History of Cathedral of St. Columba
The Cathedral Church of St. Columba, founded in 1847, is the home of the Cathedral Parish and the Mother Church of the Diocese of Youngstown. It also includes the community of St. Casimir of the Brier Hill neighborhood of Youngstown’s north side. St. Casimir was founded in 1906 to serve the Polish speaking immigrants of the area and merged with the Cathedral parish in 2010.
When St. Columba was destroyed by fire on September 2, 1954, it was rebuilt on the same site and the present structure was completed on November 9, 1958.
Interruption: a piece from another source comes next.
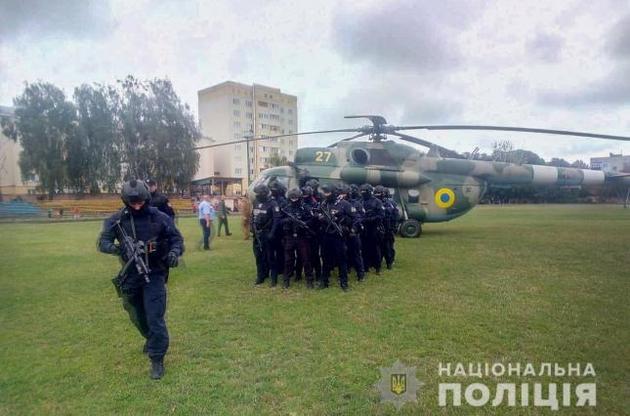 Поліція направила в Коростень гелікоптер зі спецпризначенцями через проблеми із доставкою протоколів ДВК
St. Columba Parish was organized in 1847, and the first building was erected in 1853. A second church was built in 1868, and a larger one in 1897. When the Diocese of Youngstown, encompassing Ashtabula, Portage, Stark, Columbiana, Mahoning, and Trumbull counties, was created in 1943, St. Columba Church was designated the cathedral. A cathedral is the mother church, or bishop’s church, so called from the bishop’s chair (cathedra), symbol of a bishop’s authority. St. Columba.
Designed by Diehl and Diehl , Architects, Detroit, Michigan, and constructed by the Charles Shutrump and Sons Company, Youngstown, Ohio, the Cathedral is an example of modern ecclesiastical architecture.
The mission of the Cathedral Parish of St. Columba is twofold: to participate in the saving mission of Jesus Christ by caring for the spiritual and physical needs of people in Central Youngstown; and to serve as the spiritual center of the Diocese of Youngstown by fostering the mission of the Bishop.
The third St. Columba Church (which was transformed in to a cathedral in 1943) was destroyed by a fire in 1954. This new cathedral was opened in 1958 and continues to serve the parish today.